The answer should hold only the lines from the one containing "ZARA LONG SLEEVE" through the one containing "an exterior color scheme with gray and green" in the entries below, copied exactly, without pictures.

# [RECORD EXCERPTS]
· · ·
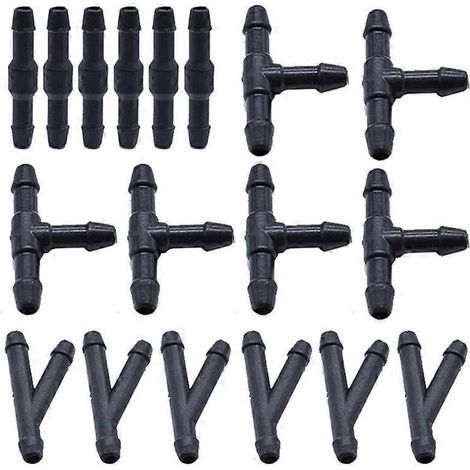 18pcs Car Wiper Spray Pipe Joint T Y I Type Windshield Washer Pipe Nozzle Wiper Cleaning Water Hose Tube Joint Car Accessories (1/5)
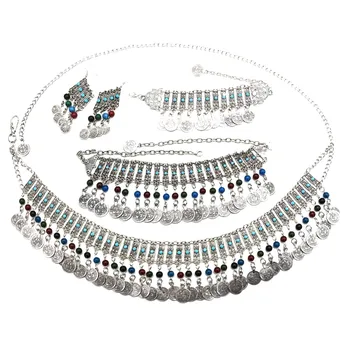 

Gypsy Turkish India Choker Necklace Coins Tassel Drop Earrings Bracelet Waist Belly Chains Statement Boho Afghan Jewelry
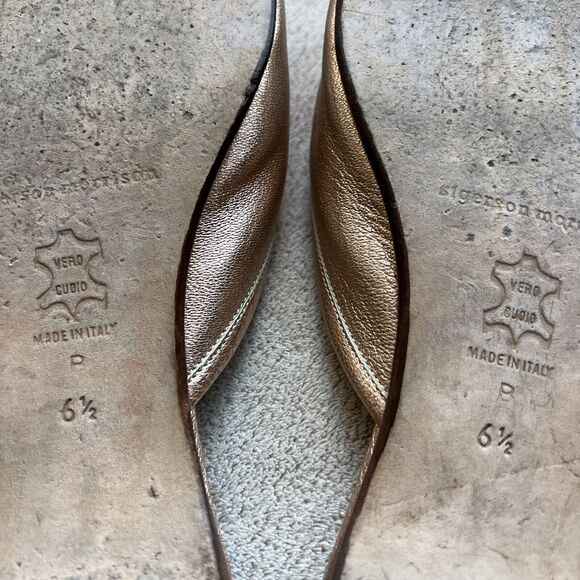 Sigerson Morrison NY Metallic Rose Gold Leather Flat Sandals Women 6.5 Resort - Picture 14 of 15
· · ·
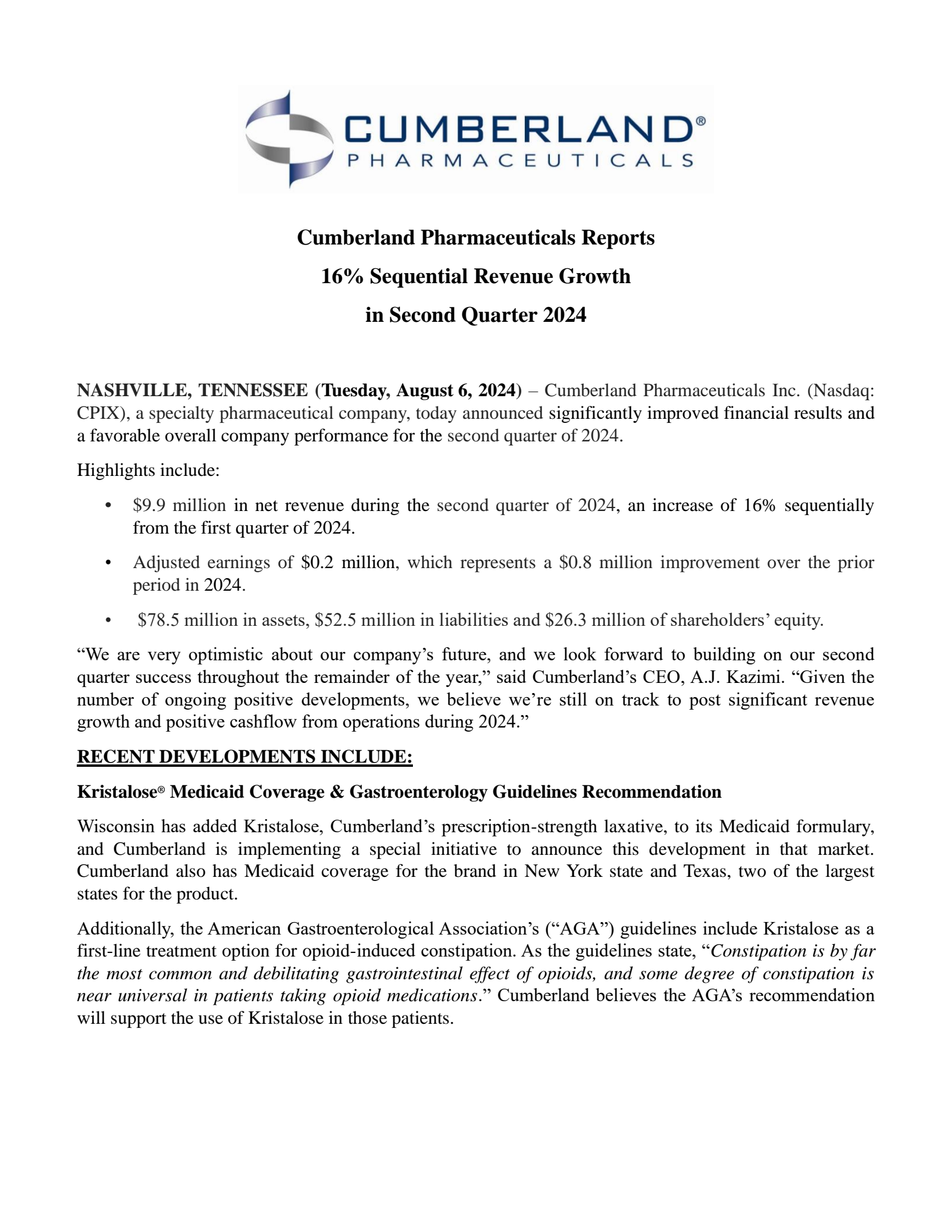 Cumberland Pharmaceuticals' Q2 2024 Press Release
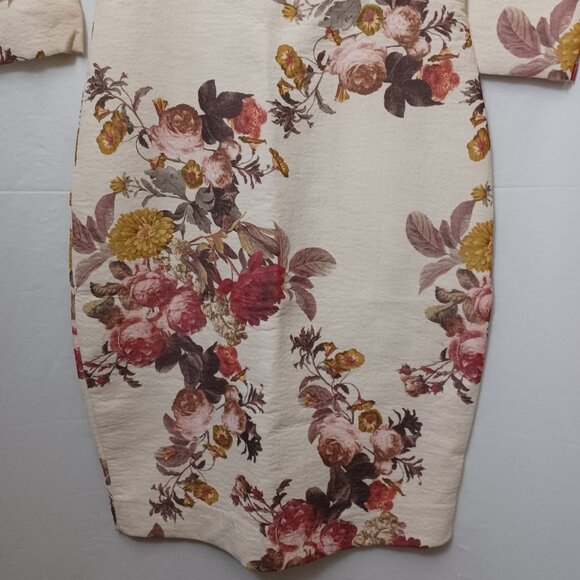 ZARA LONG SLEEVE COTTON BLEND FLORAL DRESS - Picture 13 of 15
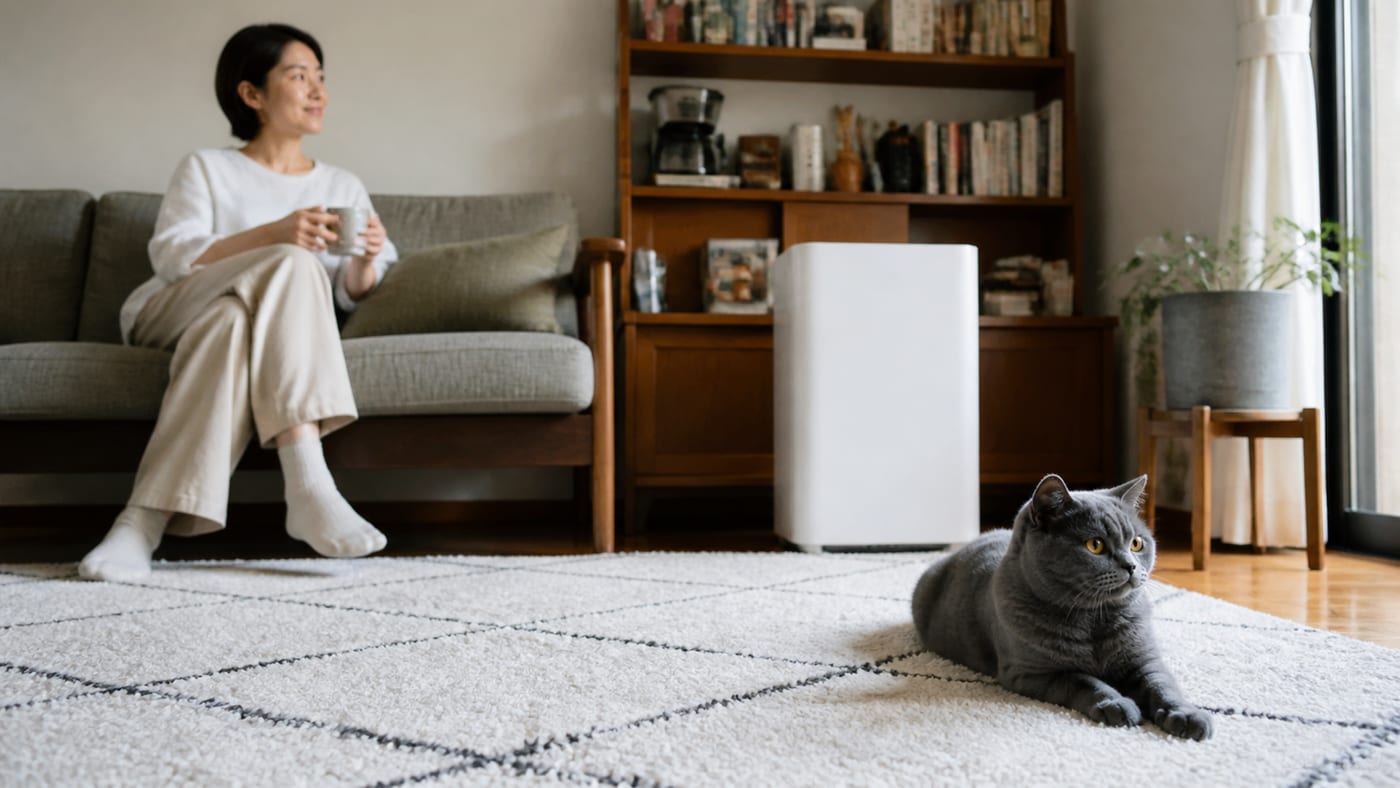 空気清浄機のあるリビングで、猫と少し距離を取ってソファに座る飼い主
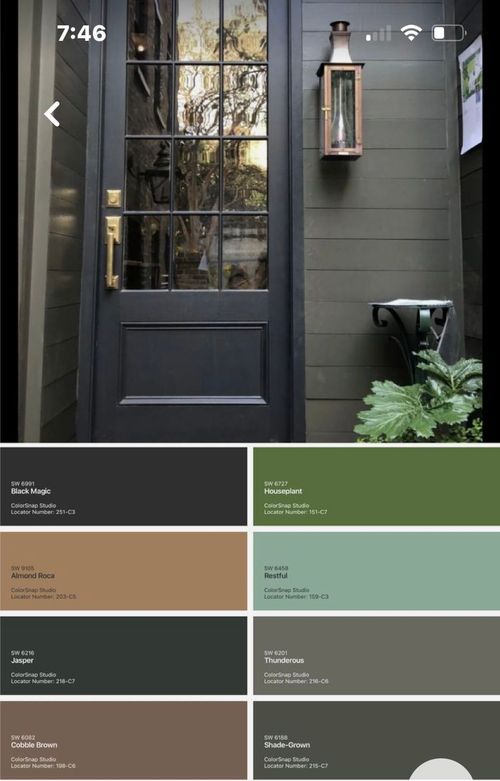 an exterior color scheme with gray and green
· · ·
# [OUTPUT OF THE TASK]
 ZARA LONG SLEEVE COTTON BLEND FLORAL DRESS - Picture 13 of 15
 空気清浄機のあるリビングで、猫と少し距離を取ってソファに座る飼い主
 an exterior color scheme with gray and green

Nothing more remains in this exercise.